Down to the last line below, write out every line exactly, starting with the one that contains "Fototapeta premium Dark" and leaving out the pictures.
-=-=-
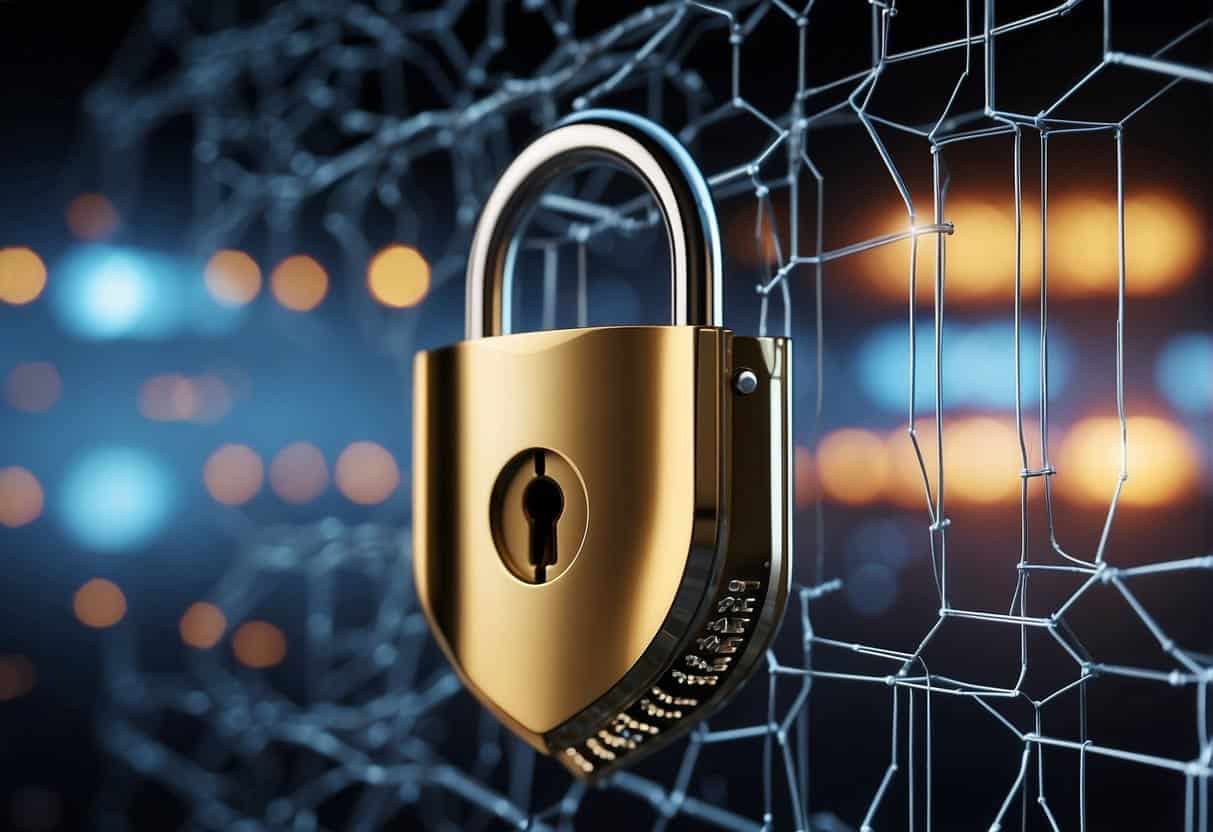 A padlock icon appears over a network connection, with a shield symbolizing data security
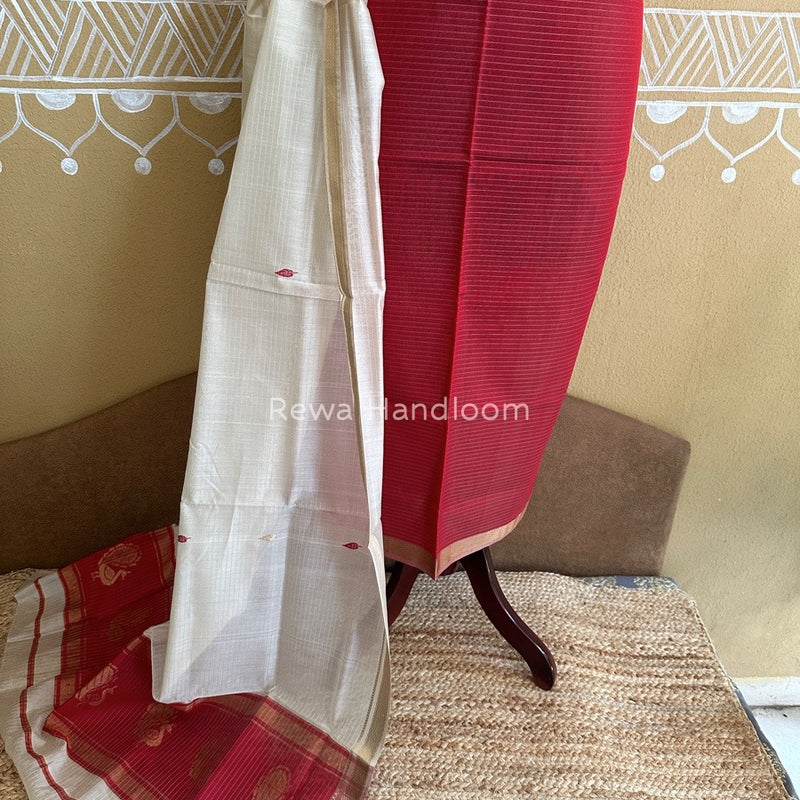 Maheshwari Red-Off White Motifs Top-Dupatta Set PST0118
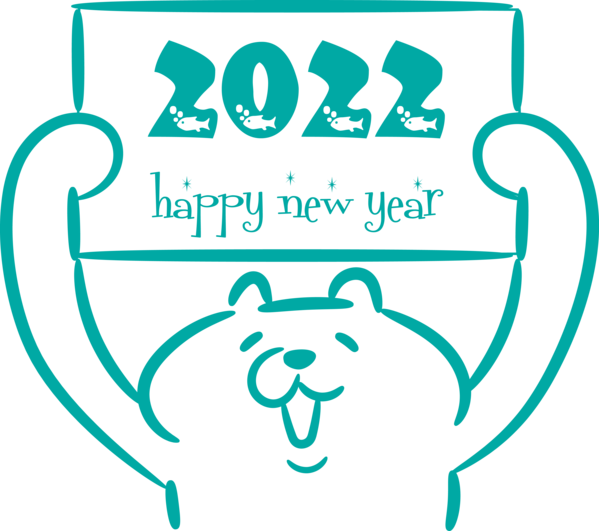 Transparent New Year Line art Logo Green for Happy New Year 2022 for New Year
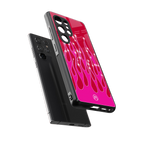 y2k magenta glittery flames back phone cover | glass case for samsung galaxy s25 ultra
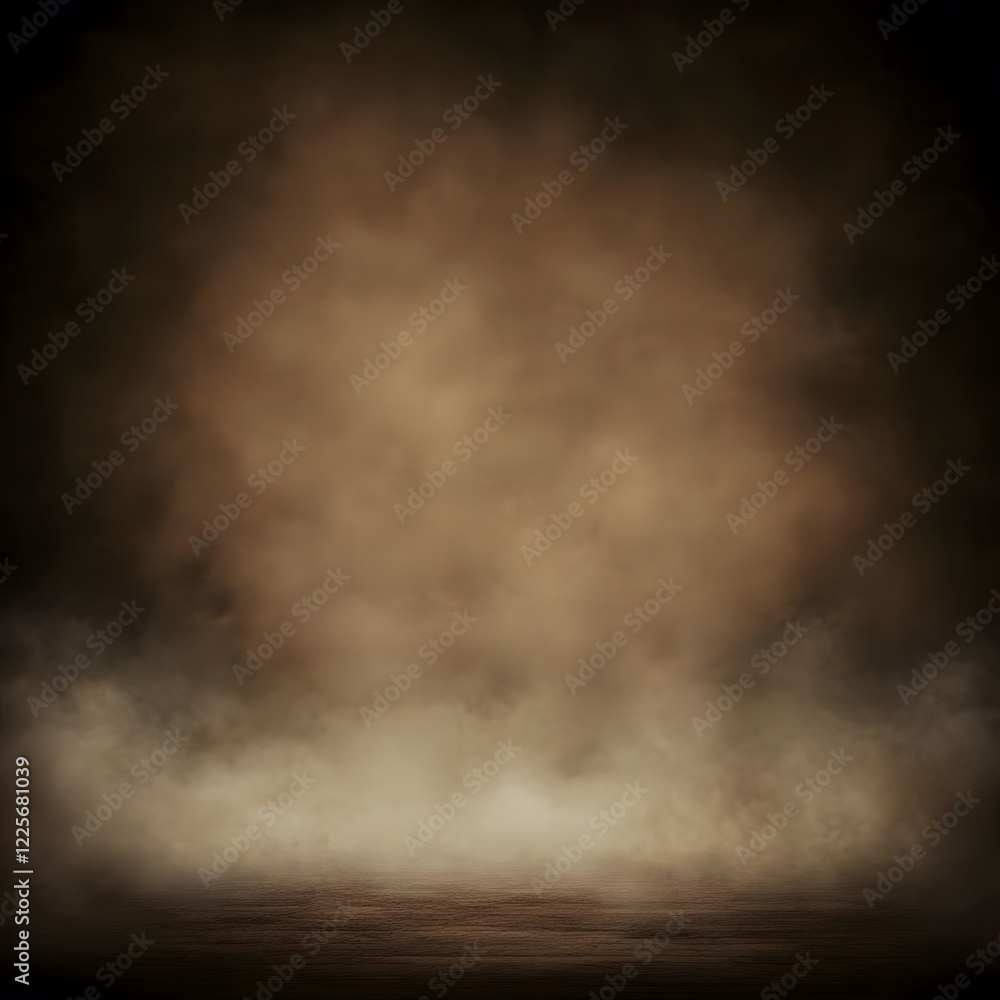 Fototapeta premium Dark Brown Foggy Background Studio Dramatic Smoke Texture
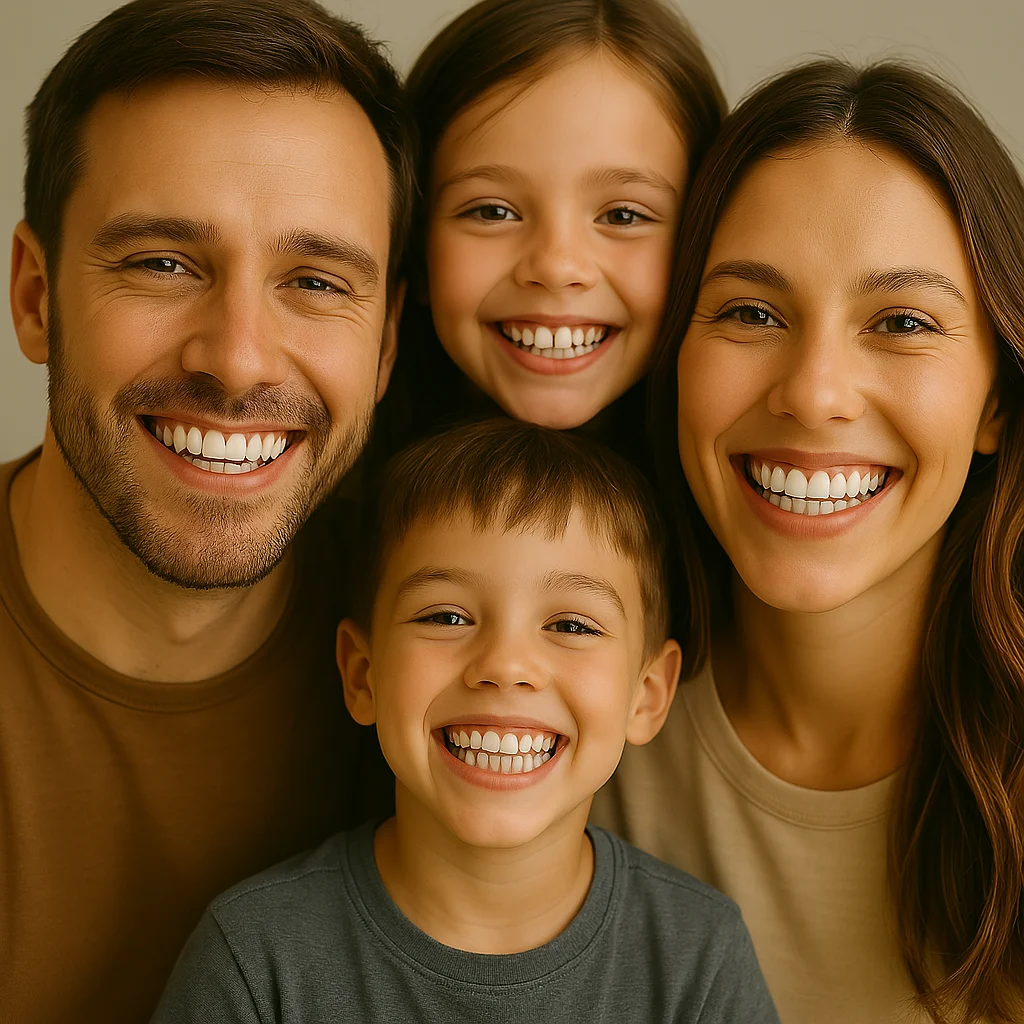 Smiling family showcasing white, shiny teeth—parents and children gathered together, radiating happiness and dental health. The image highlights Lifelong Oral Hygiene Habits for Family, with a bright, friendly atmosphere.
-=-=-
Task solution:
 Fototapeta premium Dark Brown Foggy Background Studio Dramatic Smoke Texture
 Smiling family showcasing white, shiny teeth—parents and children gathered together, radiating happiness and dental health. The image highlights Lifelong Oral Hygiene Habits for Family, with a bright, friendly atmosphere.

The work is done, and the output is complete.